This invention relates to an animal husbandry containment apparatus for containing and raising animals for market and to a method of raising animals.
The present apparatus is particularly designed for containing and raising pigs but can be modified in manner which will be known to one skilled in the art to make the system suitable for raising other animals including poultry.
It is well known that animals require, in the intensive farming situation which today's economics demand, an enclosure in which the animals are contained and housed with supply systems for supplying feed and water, extraction systems for extracting the manure and ventilation systems for communicating fresh air to maintain the temperature stable. As farming becomes increasingly important, the buildings and the farms are becoming also larger. Also there is an increasing specialization in animal husbandry so that animals are moved form one farm or location to another for the different stages of their life from birth to market. Disease is a significant problem in any such operation since the communication to a herd of a new disease by a recently arrived animal can cause destruction of the whole herd or at least significant losses in treating the disease.
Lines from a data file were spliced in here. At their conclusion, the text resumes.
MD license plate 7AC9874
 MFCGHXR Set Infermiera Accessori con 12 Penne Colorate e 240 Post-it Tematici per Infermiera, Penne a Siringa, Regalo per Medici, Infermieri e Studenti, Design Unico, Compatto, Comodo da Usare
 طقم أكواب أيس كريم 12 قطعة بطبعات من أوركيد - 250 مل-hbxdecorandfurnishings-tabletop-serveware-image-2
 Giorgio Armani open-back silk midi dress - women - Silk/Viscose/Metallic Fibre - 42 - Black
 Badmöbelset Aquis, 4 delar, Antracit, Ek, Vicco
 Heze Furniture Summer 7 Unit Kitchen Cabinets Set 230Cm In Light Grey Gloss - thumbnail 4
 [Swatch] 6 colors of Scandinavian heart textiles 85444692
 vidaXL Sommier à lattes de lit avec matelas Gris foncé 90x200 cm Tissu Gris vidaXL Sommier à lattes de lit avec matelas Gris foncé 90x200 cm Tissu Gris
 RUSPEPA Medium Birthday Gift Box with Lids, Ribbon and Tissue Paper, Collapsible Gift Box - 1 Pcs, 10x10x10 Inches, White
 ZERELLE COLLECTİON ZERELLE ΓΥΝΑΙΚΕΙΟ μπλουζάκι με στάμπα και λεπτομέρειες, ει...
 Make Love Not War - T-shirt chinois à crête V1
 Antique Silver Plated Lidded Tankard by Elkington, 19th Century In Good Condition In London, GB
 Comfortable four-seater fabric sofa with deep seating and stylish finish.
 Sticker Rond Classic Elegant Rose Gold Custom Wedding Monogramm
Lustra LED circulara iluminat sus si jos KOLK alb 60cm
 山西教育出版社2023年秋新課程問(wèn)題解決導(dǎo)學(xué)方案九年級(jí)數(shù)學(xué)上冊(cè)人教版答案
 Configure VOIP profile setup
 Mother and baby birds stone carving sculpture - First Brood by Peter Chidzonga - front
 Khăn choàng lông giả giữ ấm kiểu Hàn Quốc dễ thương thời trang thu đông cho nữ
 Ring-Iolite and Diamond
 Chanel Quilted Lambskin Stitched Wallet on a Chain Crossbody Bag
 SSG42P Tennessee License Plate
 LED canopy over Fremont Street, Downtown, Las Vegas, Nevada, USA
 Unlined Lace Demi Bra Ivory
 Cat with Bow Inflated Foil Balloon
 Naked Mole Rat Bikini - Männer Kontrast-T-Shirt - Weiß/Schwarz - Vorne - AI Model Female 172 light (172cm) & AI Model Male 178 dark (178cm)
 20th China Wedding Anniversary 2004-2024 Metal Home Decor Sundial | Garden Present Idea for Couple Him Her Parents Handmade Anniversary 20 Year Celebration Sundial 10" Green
One proposal for separate compartments for containing the animals which are collated together into a system is set out in a magazine article in "The Furrow" dated April 1981, which proposes a system known as "pig train" in which there is provided a series of compartments with the pigs spending about thirty days in each compartment and then moving from each compartment to the next. It is stated that the compartments are prefabricated and need only to be hoisted onto two concrete strips and connected to the heat, water and power supply.
However there remains a necessity for improvement in apparatus and methods for animal husbandry in view of these significant developments in the industry.